A series of acoustic telemetry receivers have now been deployed in a 20km stretch of the Upper Murrumbidgee River, centred around Bush Heritage Australia’s Scottsdale Reserve. This hi-tech fish monitoring equipment will be used to track both carp and native fish to provide important (and currently unknown) information on fish movement in the Murrumbidgee River. It's a collaborative project between Bush Heritage Australia, the Upper Murrumbidgee Demonstration Reach, NSW DPI, the Capital Region Fishing Alliance, the NSW Recreational Fishing Trust and Prue McGuffie’s PhD Macquarie perch project.
How it works
The receivers pick-up and record acoustic signals emitted from fish fitted with electronic, signal-emitting tags as they move up and down the Upper Murrumbidgee River system. Over time this will provide insights into patterns of fish movements within the receiver area, which happens to include a four meter waterfall!
The findings of the movement study will be used to guide the ongoing implementation of Scottsdale Reserve’s carp management program, which aims to remove carp from the Upper Murrumbidgee River in order to benefit the threatened fish species (such as Murray Cod and Trout Cod) that are found there.
Knowing how carp move and interact with other species will help us to pin-point the best times and areas for removal of carp from the system.
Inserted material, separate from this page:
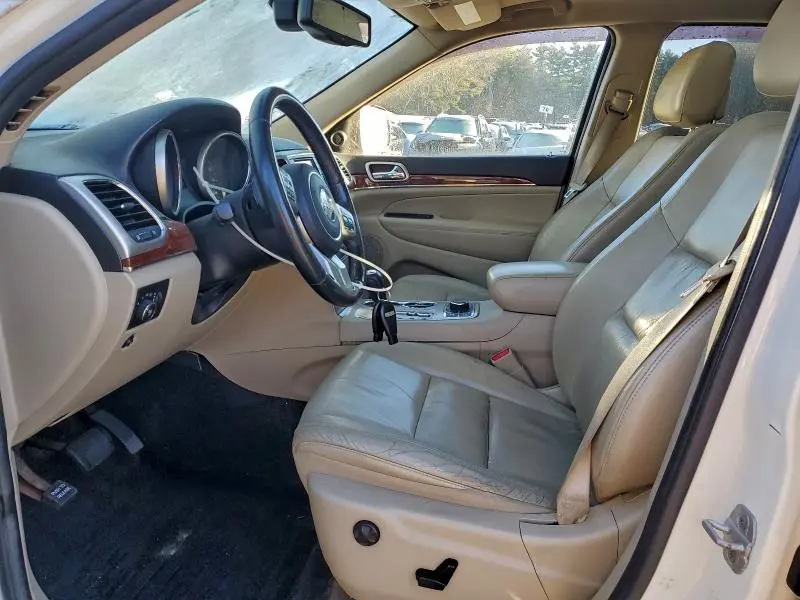 2012 JEEP GRAND CHEROKEE LIMITED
Not only will this help to make the Scottsdale Reserve program more targeted and effective, but it's also a demonstration of how science can be used to support reserve management and vice-versa.
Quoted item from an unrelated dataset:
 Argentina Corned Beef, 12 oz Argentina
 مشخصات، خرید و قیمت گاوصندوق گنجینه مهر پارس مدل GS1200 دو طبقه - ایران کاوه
The receiver ‘array’ was put in thanks to the help two Bush Heritage Australia volunteers (who each put in a long day of paddling) and a local river guide who adapted his raft especially to carry the receiver equipment, which included up to six lengths of railway iron needed to anchor down the receivers in stream.
As the waterfall photo shows, negotiating the river with such a load is no mean feat, but all involved certainly stepped up to the challenge!